Collaborative Strength Enables the EXAALT Project to Optimize GPU Performance

11/03/20

Exascale Computing Project · Collaborative Strength Enables the EXAALT Project to Optimize GPU Performance

By Scott Gibson

Danny Perez, Los Alamos National Laboratory, and Rahul Gayatri, NERSC

From left, Danny Perez, Los Alamos National Laboratory; Rahul Gayatri, National Energy Research Scientific Computing Center

A dream of researchers is to cut the time it takes to develop new materials by using computer simulations almost exclusively. The outcomes could be better nuclear fuels and the right first wall materials for fusion reactors. Or new metals, semiconductors, and insulators. And more possibilities exist.

In this episode of the Let’s Talk Exascale podcast, we’ll have a look at a project called EXAALT, which refers to Exascale Atomistic capability for Accuracy, Length, and Time. It has the potential to bring atomistic materials predictions to the engineering scale. Materials design and synthesis could be demystified and, for the most part, done virtually.

To discuss EXAALT we’re joined by Danny Perez of Los Alamos National Laboratory and Rahul Gayatri, a project collaborator from the National Energy Research Scientific Computing Center (NERSC).

Our topics: Molecular dynamics simulations—what they are, why they’re important and advantageous, how they can be used in the design of materials, and their limitations. We’ll also have a project highlight.

Interview Transcript:

Gibson: Danny Perez and Rahul Gayatri, welcome!

Perez: Thanks, Scott.

Gayatri: Thanks, Scott.

Gibson: Why molecular dynamics simulations? Why are they important?

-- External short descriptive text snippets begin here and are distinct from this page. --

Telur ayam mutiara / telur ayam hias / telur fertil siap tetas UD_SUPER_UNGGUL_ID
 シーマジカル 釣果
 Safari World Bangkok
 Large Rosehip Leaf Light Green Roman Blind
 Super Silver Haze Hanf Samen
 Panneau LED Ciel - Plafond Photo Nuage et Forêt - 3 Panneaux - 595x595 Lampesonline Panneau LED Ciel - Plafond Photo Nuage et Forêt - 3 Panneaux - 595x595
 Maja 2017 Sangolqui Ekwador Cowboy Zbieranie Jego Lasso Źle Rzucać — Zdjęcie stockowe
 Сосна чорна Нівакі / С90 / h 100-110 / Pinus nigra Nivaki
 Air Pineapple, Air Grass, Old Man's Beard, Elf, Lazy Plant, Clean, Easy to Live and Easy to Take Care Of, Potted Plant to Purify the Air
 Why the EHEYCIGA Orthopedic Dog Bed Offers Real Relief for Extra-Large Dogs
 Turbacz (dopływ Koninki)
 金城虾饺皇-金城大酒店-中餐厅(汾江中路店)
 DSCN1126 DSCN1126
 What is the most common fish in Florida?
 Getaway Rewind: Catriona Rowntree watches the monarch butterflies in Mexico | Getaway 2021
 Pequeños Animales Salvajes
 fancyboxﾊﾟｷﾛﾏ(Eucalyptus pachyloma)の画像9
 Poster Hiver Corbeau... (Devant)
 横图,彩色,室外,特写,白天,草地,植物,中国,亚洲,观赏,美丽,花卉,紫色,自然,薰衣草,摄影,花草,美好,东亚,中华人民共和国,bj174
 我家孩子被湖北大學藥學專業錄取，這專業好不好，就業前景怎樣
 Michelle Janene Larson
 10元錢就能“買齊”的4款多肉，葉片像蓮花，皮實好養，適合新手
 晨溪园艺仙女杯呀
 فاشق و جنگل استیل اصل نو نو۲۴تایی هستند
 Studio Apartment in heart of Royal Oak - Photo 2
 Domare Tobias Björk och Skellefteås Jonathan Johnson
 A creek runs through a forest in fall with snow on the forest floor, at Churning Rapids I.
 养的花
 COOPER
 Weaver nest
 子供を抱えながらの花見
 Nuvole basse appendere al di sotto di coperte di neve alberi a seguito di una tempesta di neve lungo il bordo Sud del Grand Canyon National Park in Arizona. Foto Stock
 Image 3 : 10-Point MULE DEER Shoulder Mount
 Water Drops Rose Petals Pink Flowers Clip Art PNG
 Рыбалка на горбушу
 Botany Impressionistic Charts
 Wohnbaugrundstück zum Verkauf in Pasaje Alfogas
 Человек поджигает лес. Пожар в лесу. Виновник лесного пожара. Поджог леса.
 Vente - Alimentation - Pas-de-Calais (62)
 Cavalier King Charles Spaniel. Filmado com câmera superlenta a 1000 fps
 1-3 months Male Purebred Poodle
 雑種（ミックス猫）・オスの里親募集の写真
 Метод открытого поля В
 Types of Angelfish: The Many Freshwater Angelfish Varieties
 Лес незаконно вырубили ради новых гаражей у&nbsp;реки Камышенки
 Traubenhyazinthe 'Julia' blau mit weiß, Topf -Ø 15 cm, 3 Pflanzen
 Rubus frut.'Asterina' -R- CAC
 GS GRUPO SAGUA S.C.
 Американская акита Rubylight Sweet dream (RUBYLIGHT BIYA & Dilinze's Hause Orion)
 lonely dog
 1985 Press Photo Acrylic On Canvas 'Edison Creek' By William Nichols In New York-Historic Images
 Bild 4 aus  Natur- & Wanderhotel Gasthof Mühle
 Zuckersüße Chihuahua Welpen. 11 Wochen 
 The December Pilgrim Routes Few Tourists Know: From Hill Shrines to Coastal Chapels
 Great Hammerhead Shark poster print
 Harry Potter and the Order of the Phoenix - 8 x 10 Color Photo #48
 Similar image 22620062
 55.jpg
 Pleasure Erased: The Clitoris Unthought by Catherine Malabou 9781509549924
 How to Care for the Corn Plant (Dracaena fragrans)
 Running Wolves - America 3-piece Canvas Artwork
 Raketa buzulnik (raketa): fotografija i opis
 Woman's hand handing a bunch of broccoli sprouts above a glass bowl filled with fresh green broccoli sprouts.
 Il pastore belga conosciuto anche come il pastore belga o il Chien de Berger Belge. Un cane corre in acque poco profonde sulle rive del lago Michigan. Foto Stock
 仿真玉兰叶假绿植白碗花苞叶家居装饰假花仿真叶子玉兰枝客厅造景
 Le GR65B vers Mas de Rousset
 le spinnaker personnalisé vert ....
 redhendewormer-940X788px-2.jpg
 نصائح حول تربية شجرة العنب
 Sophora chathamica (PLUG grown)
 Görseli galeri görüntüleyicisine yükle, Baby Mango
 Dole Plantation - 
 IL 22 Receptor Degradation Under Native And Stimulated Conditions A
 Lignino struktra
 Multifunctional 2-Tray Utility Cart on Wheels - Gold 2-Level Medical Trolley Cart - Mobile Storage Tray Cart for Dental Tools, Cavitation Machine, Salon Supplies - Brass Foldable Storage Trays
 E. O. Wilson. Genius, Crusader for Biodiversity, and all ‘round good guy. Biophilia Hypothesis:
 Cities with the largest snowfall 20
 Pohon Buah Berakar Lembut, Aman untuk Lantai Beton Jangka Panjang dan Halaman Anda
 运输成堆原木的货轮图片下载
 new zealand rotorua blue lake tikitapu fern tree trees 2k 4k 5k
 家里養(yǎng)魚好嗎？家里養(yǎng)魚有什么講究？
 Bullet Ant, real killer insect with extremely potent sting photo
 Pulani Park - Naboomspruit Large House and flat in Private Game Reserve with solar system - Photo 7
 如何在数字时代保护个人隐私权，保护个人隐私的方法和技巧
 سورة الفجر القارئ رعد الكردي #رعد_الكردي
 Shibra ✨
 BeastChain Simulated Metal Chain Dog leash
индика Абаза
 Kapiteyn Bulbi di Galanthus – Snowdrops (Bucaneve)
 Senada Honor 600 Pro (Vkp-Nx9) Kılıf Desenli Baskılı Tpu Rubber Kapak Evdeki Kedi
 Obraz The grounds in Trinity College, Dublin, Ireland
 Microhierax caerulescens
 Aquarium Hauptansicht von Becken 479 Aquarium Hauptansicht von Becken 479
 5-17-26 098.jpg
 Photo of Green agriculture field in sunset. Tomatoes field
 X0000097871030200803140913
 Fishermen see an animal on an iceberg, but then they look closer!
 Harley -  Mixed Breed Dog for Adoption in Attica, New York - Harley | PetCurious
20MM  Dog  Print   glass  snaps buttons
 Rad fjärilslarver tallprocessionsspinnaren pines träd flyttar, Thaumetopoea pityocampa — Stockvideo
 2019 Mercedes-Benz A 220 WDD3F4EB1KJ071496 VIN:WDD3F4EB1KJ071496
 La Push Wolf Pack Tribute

Perez: In the following, I’ll refer to molecular dynamics as MD just for short. MD is very powerful because it’s a very fundamental approach. If you’re interested in understanding how a material behaves, then you can just set up a virtual system and just integrate the equation of motion of all of the atoms in your system and just see what happens. So, this is very powerful because you don’t have to know ahead of time what the atoms want to do. You just set the system up, let it go, and see what happens.

And, very often, there’s a very wide range of phenomena that will just spontaneously occur, and, oftentimes, these aren’t expected. So, even if you don’t know what the key physical steps are, then molecular dynamics will just show it to you. In that sense, you can think of MD as a numerical experiment where you gain fundamental insight into material down to the atomic scale where we get a complete resolution and we can see where each atom is at every point in time.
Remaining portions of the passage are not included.